New Distinguished Professors Named
Lisa Lowe of the School of Arts and Sciences and Jeswald Salacuse of the Fletcher School have been appointed Distinguished Professors, an honor reserved for senior faculty members who have made exceptional contributions to their disciplines, their students and the university as teachers and scholars who exemplify the best of Tufts.
Distinguished Professors are recommended by school deans and approved by the provost and the president. There are eight other Distinguished Professors at Tufts, two each in the School of Arts and Sciences, the School of Engineering, the School of Medicine and Cummings School of Veterinary Medicine.
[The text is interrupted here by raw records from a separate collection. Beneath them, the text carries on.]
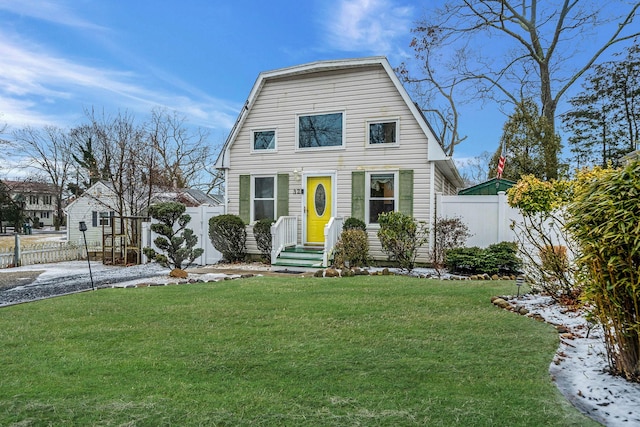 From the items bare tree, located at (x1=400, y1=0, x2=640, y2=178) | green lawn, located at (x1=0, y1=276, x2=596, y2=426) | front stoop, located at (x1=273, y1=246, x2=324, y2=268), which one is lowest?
green lawn, located at (x1=0, y1=276, x2=596, y2=426)

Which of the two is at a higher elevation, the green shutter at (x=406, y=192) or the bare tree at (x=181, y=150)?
the bare tree at (x=181, y=150)

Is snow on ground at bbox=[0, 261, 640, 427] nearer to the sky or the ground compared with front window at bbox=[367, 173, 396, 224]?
nearer to the ground

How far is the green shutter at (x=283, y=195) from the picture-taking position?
1218 cm

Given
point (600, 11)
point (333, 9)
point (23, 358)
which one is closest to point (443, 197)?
point (333, 9)

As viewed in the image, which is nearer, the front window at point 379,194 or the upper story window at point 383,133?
the upper story window at point 383,133

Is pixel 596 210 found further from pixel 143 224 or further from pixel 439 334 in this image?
pixel 143 224

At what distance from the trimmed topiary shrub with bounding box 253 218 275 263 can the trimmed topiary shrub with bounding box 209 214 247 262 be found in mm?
618

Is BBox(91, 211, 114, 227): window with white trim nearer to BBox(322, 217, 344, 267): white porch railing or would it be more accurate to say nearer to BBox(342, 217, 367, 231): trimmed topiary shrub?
BBox(322, 217, 344, 267): white porch railing

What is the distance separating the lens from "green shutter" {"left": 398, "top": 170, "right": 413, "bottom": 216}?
11055 millimetres

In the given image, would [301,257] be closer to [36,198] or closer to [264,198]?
[264,198]

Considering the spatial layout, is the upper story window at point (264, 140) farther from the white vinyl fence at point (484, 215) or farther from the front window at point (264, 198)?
the white vinyl fence at point (484, 215)

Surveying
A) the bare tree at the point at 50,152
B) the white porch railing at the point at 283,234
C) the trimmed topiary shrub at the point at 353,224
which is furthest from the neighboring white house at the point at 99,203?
the bare tree at the point at 50,152

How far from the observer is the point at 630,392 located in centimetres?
275

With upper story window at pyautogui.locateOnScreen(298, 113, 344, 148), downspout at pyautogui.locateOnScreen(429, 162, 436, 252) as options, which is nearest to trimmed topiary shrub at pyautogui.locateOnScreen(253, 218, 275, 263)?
upper story window at pyautogui.locateOnScreen(298, 113, 344, 148) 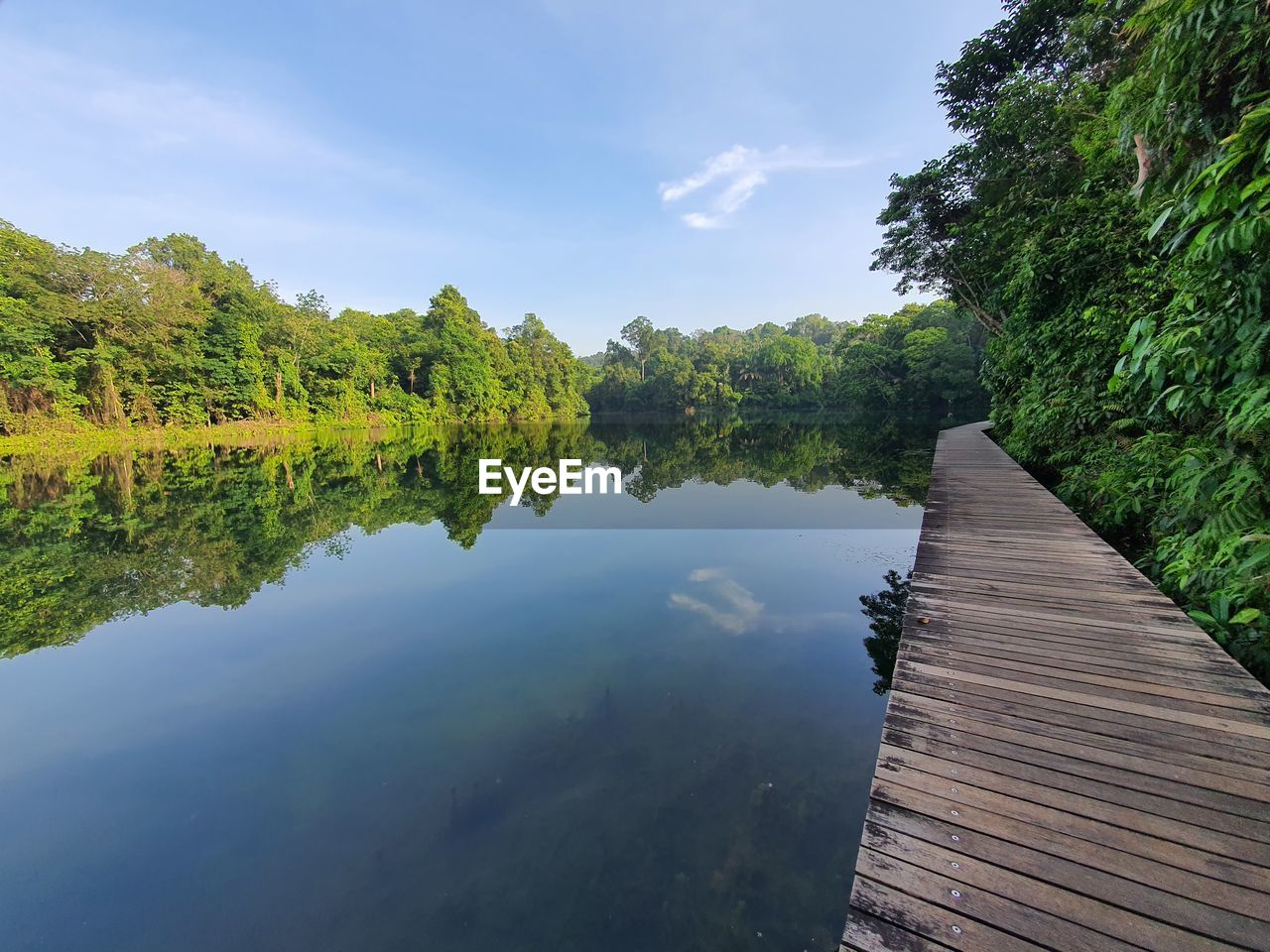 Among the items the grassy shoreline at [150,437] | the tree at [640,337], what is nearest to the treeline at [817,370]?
the tree at [640,337]

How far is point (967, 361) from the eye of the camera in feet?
112

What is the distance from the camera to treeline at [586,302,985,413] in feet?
117

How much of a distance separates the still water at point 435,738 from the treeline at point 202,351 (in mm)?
19272

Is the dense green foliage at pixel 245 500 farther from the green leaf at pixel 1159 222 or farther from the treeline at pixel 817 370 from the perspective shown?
the treeline at pixel 817 370

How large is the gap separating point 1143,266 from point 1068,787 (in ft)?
25.0

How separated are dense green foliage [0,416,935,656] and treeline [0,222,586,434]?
5880 mm

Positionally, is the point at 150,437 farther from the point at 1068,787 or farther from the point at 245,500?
the point at 1068,787

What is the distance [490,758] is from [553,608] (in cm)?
232

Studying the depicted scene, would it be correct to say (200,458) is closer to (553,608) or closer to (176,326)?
(176,326)

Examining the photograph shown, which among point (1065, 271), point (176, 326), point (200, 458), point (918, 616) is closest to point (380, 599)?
point (918, 616)

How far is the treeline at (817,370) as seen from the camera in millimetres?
35625

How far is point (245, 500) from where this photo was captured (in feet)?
35.3

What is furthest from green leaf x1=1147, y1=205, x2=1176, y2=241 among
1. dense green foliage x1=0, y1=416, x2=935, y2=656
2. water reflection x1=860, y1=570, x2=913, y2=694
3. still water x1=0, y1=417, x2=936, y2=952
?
dense green foliage x1=0, y1=416, x2=935, y2=656

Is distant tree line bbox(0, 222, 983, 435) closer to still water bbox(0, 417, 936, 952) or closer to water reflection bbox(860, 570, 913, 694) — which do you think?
still water bbox(0, 417, 936, 952) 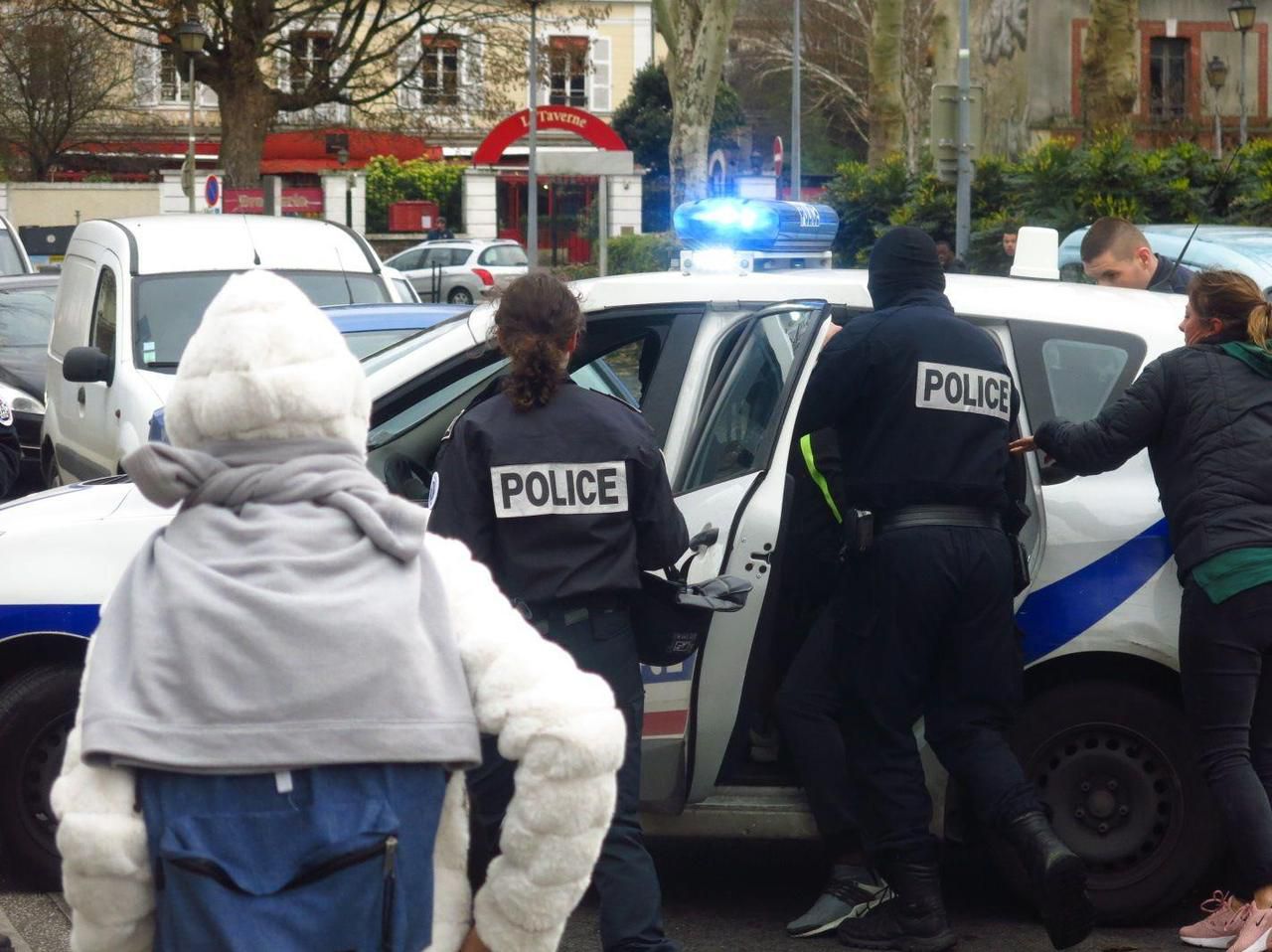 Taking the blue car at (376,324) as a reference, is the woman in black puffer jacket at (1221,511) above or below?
below

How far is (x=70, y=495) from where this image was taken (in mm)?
5145

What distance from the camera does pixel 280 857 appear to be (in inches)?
85.3

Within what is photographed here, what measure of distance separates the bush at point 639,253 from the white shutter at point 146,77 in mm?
22781

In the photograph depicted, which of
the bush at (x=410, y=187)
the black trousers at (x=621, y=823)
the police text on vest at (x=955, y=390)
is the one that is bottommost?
the black trousers at (x=621, y=823)

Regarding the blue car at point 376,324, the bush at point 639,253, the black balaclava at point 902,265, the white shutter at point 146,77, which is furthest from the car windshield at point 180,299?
the white shutter at point 146,77

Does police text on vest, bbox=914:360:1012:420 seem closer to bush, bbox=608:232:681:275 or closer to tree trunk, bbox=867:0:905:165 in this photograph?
bush, bbox=608:232:681:275

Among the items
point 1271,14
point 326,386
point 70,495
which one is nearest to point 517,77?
point 1271,14

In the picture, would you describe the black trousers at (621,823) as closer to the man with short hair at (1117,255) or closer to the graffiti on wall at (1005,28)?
the man with short hair at (1117,255)

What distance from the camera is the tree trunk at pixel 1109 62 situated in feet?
69.8

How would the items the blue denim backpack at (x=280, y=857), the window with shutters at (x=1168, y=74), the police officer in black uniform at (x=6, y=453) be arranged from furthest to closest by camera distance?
the window with shutters at (x=1168, y=74)
the police officer in black uniform at (x=6, y=453)
the blue denim backpack at (x=280, y=857)

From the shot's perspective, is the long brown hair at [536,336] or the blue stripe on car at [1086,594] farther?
the blue stripe on car at [1086,594]

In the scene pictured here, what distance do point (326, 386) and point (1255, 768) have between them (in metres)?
3.17

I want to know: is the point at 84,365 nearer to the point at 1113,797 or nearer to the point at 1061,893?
the point at 1113,797

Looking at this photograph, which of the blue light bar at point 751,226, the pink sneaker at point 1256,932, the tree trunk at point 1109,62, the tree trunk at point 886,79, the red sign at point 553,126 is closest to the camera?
the pink sneaker at point 1256,932
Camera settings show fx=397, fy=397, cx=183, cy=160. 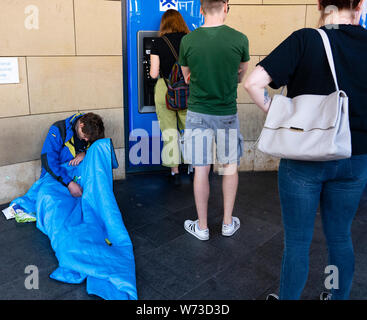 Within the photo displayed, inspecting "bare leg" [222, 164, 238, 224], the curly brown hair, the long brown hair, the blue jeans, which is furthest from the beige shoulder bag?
the long brown hair

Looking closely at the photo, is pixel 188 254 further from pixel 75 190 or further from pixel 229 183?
pixel 75 190

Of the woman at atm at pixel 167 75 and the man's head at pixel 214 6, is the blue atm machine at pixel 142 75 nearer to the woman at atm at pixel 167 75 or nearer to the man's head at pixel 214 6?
the woman at atm at pixel 167 75

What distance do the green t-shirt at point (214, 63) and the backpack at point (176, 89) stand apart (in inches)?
31.2

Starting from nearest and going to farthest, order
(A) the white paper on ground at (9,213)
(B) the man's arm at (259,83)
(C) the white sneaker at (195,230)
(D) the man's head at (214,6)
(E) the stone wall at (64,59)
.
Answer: (B) the man's arm at (259,83)
(D) the man's head at (214,6)
(C) the white sneaker at (195,230)
(A) the white paper on ground at (9,213)
(E) the stone wall at (64,59)

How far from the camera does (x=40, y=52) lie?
3695 millimetres

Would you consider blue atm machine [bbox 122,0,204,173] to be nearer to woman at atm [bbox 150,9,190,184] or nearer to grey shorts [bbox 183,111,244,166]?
woman at atm [bbox 150,9,190,184]

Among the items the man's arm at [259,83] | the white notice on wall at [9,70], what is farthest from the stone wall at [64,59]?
Answer: the man's arm at [259,83]

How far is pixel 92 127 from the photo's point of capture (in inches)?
133

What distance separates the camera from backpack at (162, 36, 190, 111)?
370 cm

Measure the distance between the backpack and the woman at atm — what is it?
0.06 m

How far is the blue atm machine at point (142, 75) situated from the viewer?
420 cm

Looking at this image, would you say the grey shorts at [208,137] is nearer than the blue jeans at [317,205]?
No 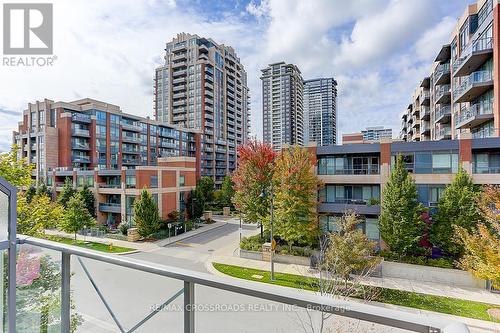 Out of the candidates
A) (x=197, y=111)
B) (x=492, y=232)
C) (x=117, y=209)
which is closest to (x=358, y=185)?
(x=492, y=232)

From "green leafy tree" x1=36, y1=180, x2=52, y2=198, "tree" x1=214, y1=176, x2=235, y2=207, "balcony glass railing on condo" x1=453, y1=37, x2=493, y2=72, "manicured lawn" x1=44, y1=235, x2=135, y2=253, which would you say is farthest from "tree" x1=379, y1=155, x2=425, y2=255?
"green leafy tree" x1=36, y1=180, x2=52, y2=198

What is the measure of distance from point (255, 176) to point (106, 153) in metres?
33.1

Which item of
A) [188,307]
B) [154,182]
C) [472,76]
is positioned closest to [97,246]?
[154,182]

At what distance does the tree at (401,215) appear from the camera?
1697 centimetres

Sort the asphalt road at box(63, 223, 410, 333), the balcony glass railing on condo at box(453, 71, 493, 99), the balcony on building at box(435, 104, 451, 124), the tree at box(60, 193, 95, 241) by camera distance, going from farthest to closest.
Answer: the balcony on building at box(435, 104, 451, 124) < the tree at box(60, 193, 95, 241) < the balcony glass railing on condo at box(453, 71, 493, 99) < the asphalt road at box(63, 223, 410, 333)

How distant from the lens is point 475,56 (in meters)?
23.0

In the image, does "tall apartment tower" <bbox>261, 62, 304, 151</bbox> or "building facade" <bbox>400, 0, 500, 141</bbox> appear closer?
"building facade" <bbox>400, 0, 500, 141</bbox>

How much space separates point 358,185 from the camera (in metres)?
21.7

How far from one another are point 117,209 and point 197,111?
3757 cm

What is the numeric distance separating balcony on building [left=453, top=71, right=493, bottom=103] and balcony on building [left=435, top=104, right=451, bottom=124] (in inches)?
255

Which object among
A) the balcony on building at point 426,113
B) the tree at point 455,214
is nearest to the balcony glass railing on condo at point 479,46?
the tree at point 455,214

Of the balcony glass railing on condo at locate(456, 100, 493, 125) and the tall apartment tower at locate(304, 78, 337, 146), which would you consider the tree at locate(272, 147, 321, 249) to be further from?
the tall apartment tower at locate(304, 78, 337, 146)

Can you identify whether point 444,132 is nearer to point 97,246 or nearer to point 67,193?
point 97,246

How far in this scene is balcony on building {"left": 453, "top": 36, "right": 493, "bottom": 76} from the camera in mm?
22328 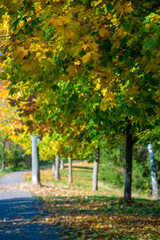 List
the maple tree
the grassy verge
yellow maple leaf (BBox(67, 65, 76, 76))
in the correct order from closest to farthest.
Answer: the maple tree
yellow maple leaf (BBox(67, 65, 76, 76))
the grassy verge

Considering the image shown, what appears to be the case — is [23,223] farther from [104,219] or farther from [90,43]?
[90,43]

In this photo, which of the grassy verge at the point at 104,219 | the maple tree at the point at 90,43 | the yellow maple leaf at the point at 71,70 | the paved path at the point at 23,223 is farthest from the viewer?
the grassy verge at the point at 104,219

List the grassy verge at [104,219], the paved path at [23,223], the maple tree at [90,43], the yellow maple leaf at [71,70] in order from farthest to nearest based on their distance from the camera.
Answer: the grassy verge at [104,219] → the paved path at [23,223] → the yellow maple leaf at [71,70] → the maple tree at [90,43]

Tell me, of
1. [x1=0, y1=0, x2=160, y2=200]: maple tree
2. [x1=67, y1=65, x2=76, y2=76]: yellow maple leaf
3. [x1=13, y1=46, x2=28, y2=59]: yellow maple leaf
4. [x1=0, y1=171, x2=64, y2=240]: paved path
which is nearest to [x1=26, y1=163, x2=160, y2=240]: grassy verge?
[x1=0, y1=171, x2=64, y2=240]: paved path

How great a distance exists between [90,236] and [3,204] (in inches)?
221

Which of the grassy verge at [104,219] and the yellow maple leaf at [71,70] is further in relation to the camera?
the grassy verge at [104,219]

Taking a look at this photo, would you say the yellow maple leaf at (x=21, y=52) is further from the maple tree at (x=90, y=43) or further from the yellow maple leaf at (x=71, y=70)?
the yellow maple leaf at (x=71, y=70)

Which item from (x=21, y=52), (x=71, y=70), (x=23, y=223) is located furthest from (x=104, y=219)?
(x=21, y=52)

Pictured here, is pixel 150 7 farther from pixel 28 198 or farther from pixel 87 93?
pixel 28 198

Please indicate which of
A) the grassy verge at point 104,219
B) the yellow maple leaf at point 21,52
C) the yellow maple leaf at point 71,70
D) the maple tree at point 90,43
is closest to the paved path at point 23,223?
the grassy verge at point 104,219

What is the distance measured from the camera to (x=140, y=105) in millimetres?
3660

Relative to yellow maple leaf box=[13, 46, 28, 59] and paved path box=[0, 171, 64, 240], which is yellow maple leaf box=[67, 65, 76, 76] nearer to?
yellow maple leaf box=[13, 46, 28, 59]

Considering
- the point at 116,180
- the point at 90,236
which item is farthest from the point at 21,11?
the point at 116,180

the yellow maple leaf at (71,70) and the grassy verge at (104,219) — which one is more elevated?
the yellow maple leaf at (71,70) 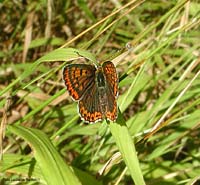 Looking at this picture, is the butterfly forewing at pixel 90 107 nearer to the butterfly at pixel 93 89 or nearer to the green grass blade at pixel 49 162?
the butterfly at pixel 93 89

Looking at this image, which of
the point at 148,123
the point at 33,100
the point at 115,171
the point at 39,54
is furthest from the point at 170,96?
the point at 39,54

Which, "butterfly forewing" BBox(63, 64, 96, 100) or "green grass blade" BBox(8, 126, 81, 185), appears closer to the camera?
"green grass blade" BBox(8, 126, 81, 185)

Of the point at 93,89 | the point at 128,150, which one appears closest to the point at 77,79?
the point at 93,89

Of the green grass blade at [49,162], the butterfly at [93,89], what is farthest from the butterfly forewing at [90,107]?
the green grass blade at [49,162]

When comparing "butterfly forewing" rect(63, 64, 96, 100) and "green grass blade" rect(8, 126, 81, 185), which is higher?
"butterfly forewing" rect(63, 64, 96, 100)

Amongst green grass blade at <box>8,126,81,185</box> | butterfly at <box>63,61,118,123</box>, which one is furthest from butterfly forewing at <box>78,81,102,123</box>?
green grass blade at <box>8,126,81,185</box>

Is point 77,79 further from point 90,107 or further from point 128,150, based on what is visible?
point 128,150

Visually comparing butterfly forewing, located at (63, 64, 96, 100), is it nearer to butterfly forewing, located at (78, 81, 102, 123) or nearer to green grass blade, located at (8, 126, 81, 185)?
butterfly forewing, located at (78, 81, 102, 123)

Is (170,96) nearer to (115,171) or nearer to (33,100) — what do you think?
(115,171) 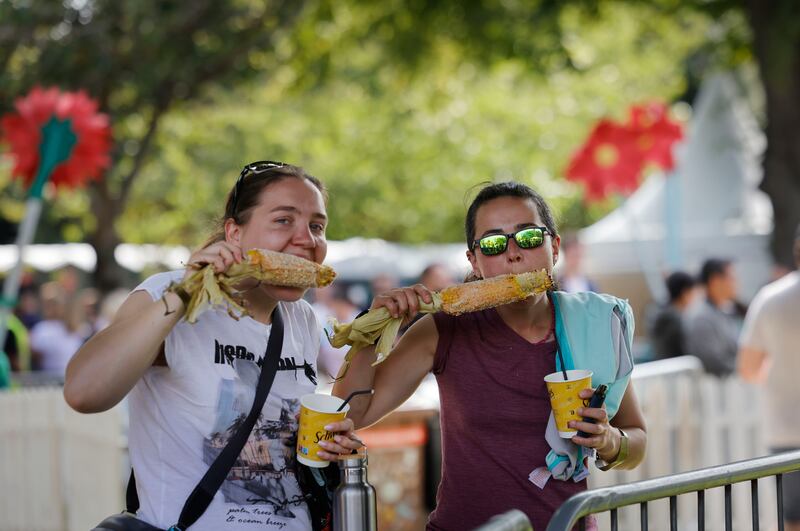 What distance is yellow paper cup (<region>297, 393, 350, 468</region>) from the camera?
2869mm

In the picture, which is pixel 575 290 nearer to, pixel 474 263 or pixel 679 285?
pixel 679 285

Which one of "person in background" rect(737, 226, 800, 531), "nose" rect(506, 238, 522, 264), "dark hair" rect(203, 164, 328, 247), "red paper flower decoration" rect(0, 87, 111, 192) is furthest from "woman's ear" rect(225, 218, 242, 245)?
"red paper flower decoration" rect(0, 87, 111, 192)

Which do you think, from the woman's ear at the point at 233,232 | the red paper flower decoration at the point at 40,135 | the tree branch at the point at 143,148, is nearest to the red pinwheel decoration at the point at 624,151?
the tree branch at the point at 143,148

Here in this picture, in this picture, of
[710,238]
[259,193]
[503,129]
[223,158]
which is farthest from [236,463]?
[503,129]

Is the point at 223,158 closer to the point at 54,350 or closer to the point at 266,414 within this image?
the point at 54,350

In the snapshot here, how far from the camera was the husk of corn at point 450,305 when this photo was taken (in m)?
3.03

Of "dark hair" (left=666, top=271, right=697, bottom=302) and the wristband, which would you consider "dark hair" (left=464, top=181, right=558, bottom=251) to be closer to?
the wristband

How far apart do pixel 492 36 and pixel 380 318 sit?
953 cm

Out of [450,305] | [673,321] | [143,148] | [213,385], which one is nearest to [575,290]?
[673,321]

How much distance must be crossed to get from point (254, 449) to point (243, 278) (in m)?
0.47

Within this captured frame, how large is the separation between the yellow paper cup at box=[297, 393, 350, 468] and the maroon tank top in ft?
1.36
Lowe is a professor in the Department of English, and also teaches in various programs in the Consortium of Studies in Race, Colonialism and Diaspora. Beginning July 1, she will be the director of the Center for the Humanities at Tufts.
Before arriving at Tufts in 2012, Lowe was a professor of comparative literature at the University of California, San Diego. Her areas of specialization are modern British, French and American literatures, and her research has been especially concerned with the study of literatures and cultures of encounter that emerge from histories of colonialism, immigration and globalization. She has written books on French and British orientalisms, Asian Americans and Asian immigration to the United States, and the politics of culture within globalization. Her most recent book, The Intimacies of Four Continents (Duke University Press, 2015), examines settler colonialism, transatlantic African slavery, and the East Indies and China trades in goods and people as conditions for modern European liberalism and empire.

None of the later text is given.